La République abîmée

Juil 1, 2010 | Res Publica

Là où les dirigeants socialistes excellent, c’est dans leur numéro sur l’innocence offensée. Ils ont traversé le siècle dernier en toute pureté, subi leur défaite de 2002 comme une injustice, essuyé d’incompréhensibles déconvenues, ils repartent en guerre contre les méchants et les corrompus avec la Vertu pour armure !

Admirable Martine Aubry qui dénonce « la République abîmée ». Nous souscrivons : l’affaire Woerth, ce n’est pas joli ! Et le scandale des ventes d’armes au Pakistan, ce sera pire. La République des avocats d’affaires n’est pas la République car la défense des intérêts privés – ceux des riches, dans le copinage avec les richissimes – est la règle non-écrite de ce qui tient lieu de gouvernement.

Nous souscrivons, mais demandons, comme naguère l’impeccable Jospin, le droit à un inventaire plus précis. Pour nous comme pour les trois-quarts de nos concitoyens, il est certain que la droite a « abîmé » la France et maltraité le peuple français. Mais c’est, pour l’essentiel, dans la continuité avec ce qui avait été accepté ou ardemment voulu par les dirigeants du Parti socialiste.

En plein accord avec la droite, le gouvernement Jospin a accepté et défendu le quinquennat, cause principale de la dégradation des institutions de la 5ème République.

En plein accord avec la droite, le gouvernement Jospin a participé à la guerre d’agression contre la Yougoslavie.

En plein accord avec la droite, le gouvernement Jospin a engagé nos soldats dans le piège afghan.

En plein accord avec la droite, le gouvernement Jospin a organisé le passage à la prétendue « monnaie unique».

En plein accord avec la droite, le gouvernement Jospin a été le champion des privatisations.

En plein accord avec la droite, François Hollande, Ségolène Royal, Dominique Strauss-Kahn ont fait campagne pour le « traité constitutionnel » alors qu’ils se trouvaient dans l’opposition.
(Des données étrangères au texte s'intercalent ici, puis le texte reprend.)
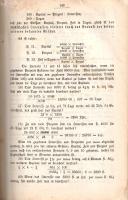 Singer, Isidor: 
Presse und Judenthum. Mit einem Briefe Mr. Laurence Oliphant's an den Verfass...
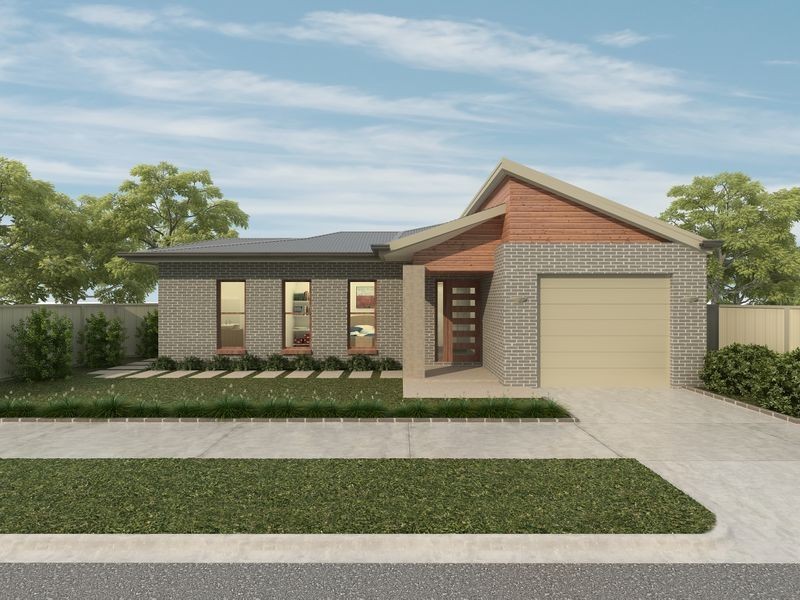 97A High Street, Swan Hill VIC 3585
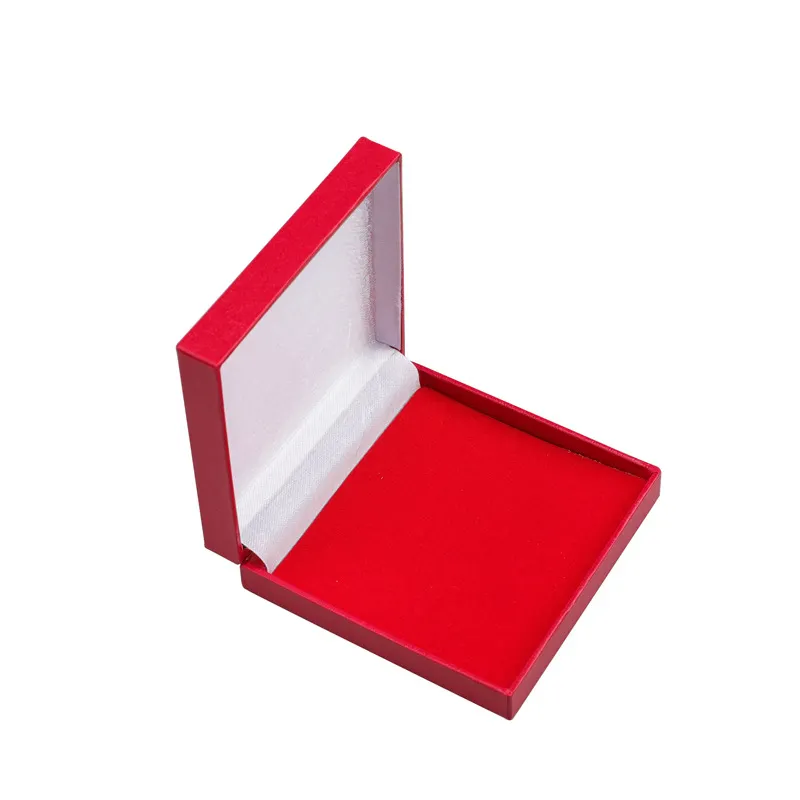 Оптовая цена, бархатные упаковочные коробки для ювелирных изделий с логотипом под заказ, деревянные подарочные коробки для монет и медалей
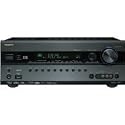 Onkyo TX-SR707 7.2-Channel A/V Surround Home Theater Receiver
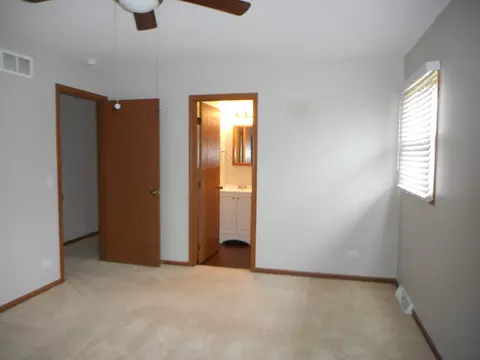 532 Shenandoah Trl, Elgin, IL 60123 photo 14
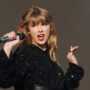 Taylor Swift sets new record as ‘Speak Now’ debuted at No. 1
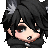 Oh Dear Goth's avatar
Une opposition qui n’a jamais été aussi molle, aussi complaisante, aussi complice parfois que celle qui s’exprime depuis huit ans dans notre pays : la participation renforcée à la guerre que les Américains mènent en Afghanistan, le retour complet dans l’OTAN, le libre-échange qui est la cause première de la crise économique et financière n’ont jamais été sérieusement contestés.
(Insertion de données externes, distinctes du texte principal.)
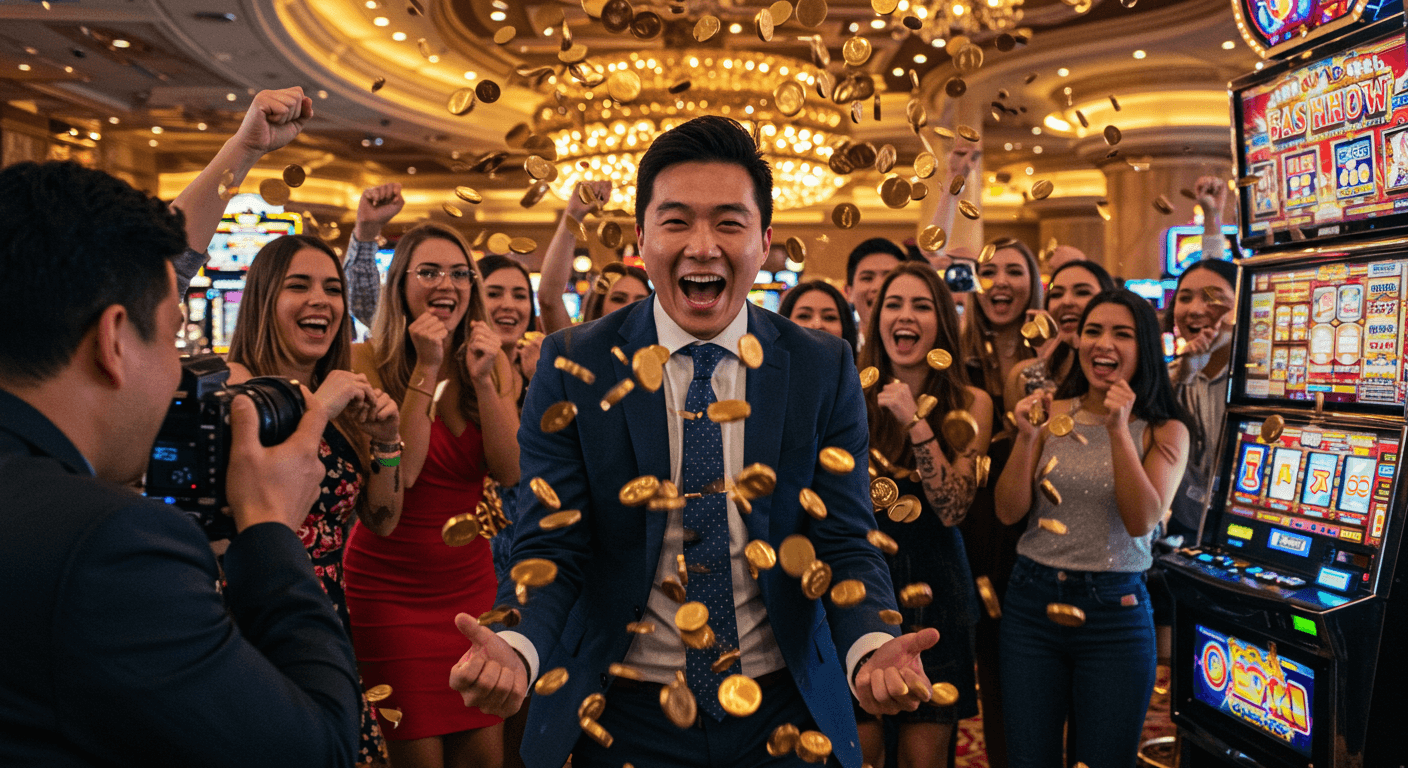 why Judiku88 online casino malaysia why Judiku88 online casino malaysia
Quant à cette crise qui n’en finit pas de rebondir, silence de la direction socialiste sur son programme historique : nationalisations, planification démocratique, hausse des salaires et renforcement constant de la protection sociale. Ironie de l’histoire : c’est un grand libéral, Maurice Allais, qui a engagé le premier la bataille pour le protectionnisme. Mais la direction socialiste a gardé le silence et continue de se taire (quand elle ne censure pas) sur les propositions faites par des économistes de toutes tendances pour sortir de la crise. Et Martine Aubry, qui fut de tous les mauvais coups portés à la République puisqu’elle joua un rôle de premier plan dans le gouvernement Jospin et dans la campagne pour le Oui au référendum de 2005, Martine Aubry qui copine avec Dominique Strauss-Kahn et Pascal Lamy, responsables hier comme aujourd’hui de choix criminels, Martine Aubry qui dirige un parti abîmé par d’innombrables scandales financiers voudrait nous faire croire que nous allons assister à la revanche des purs, des intègres ?
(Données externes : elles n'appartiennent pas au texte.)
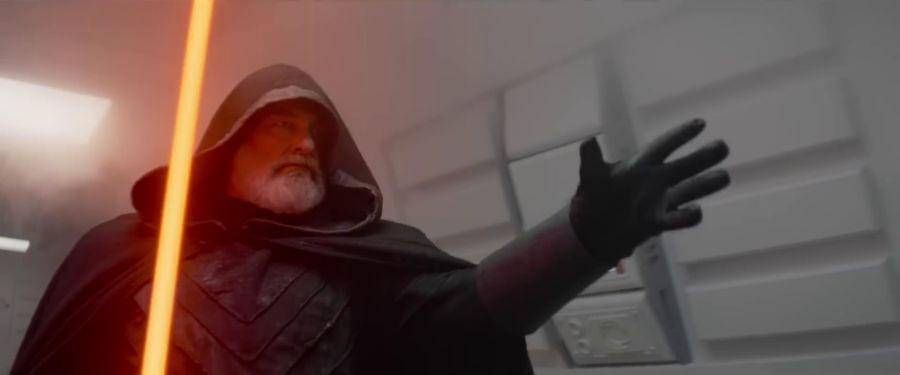 dok. Lucasfilm/Ahsoka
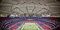 Edward Jones Dome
Martine Aubry appartient à cette « génération morale » qui s’autocélébra vers la fin du siècle dernier. Le temps qui passe permet de mesurer l’ampleur de la faillite morale, l’immensité du désastre politique. Toute une droite qui avait encore une vague relation avec le gaullisme s’est reniée en se donnant à Nicolas Sarkozy. Toute une gauche, celle qui suivit Michel Rocard et Lionel Jospin sur les voies de collaboration sociale-libérale, se prépare à adouber Martine Aubry ou Dominique Strauss-Kahn et peut-être même les deux dans un ticket à l’américaine qui serait du meilleur effet dans les milieux bien-pensants.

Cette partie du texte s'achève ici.